Regina vituperata in vita e anche dopo la sua morte, la figura di Maria Antonietta d’Asburgo è stata rivalutata nella seconda metà dell’Ottocento dai fratelli Edmond e Jules Goncourt analizzandola in rapporto al contesto storico-sociale in cui visse. A quest’opera i due intellettuali giunsero dopo aver scritto saggi come “La donna del XVIII secolo”, nei quali avevano dimostrato di essere dei profondi conoscitori del Settecento e dell’Ancien Régime. L’obiettivo degli autori era quello di spiegare ai lettori come la sovrana di Francia, moglie del re Luigi XVI di Borbone, non fosse così diversa dalle altre nobildonne dell’epoca e tentano di rivalutarne l’immagine di regina frivola e lasciva.
Il saggio inizia descrivendo il contesto politico e sociale francese, l’infanzia di Maria Antonietta nella corte di Vienna e l’arrivo a Parigi alla giovane età di 15 anni come Delfina di Francia. In seguito si analizzano la vita della giovane sovrana alla corte di Versailles come anche al Petit Trianon (una delle residenze reali più belle in assoluto a mio parere e meglio della dispersiva e opulente Versailles, perché unisce l’eleganza alla semplicità con i suoi giardini, pavillon, il laghetto, il ruscello e il villaggio con tanto di stalle, granai, piccionaia e pollaio); la rivalità con autorità politiche come il controllore generale delle finanze del regno Jacques Necker, scandali di pubblico dominio come l’affare del collier, i libelli e pamphlet contro la sovrana; i giorni di tensione in seguito alla presa della Bastiglia e culminanti con la fuga di Varenne; e infine i tentativi di restaurare la monarchia assoluta, i giorni di carcere trascorsi dapprima nelle Tulieries e poi nella Conciergerie fino alla decapitazione.
Nel saggio sono presenti anche immagini di Maria Antonietta dall’infanzia fino ai giorni che precedettero la sua morte, come ad esempio i quadri della pittrice Élisabeth Vigée-Le Brun.
Il saggio è encomiabile per lo stile di scrittura e per la capacità degli autori di difendere una regina assolutamente indifendibile per l’incapacità politica mostrata nell’aiutare il consorte inetto nella gestione dello Stato, la testardaggine a voler difendere principi obsoleti assolutamente inadeguati ai tempi e i costumi assolutamente discutibili.

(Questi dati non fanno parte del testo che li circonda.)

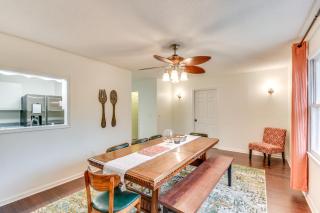 Charming Seneca Home - 3 Mi to Memorial Stadium! - Seneca - 2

Nei confronti di Maria Antonietta io personalmente provo un odio riverenziale. Ne apprezzo l’intelligenza, la cultura, le competenze manuali e artistiche (come ogni Asburgo che si rispetti si dedicava a varie attività. Maria Antonietta in particolare era dedita al giardinaggio e aveva talento come musicista e attrice). Tuttavia farne di lei una regina martire è un insulto alla storia dell’umanità – semmai ci sono stati dei martiri nella Rivoluzione Francese quelli sono Desmoulins e Danton - e la sua morte era necessaria per l’affermazione dei principi democratici e repubblicani. Se non fosse nata per regnare probabilmente sarebbe stata un’artista apprezzata e di lei contemporanei e posteri avrebbero avuto un giudizio diverso.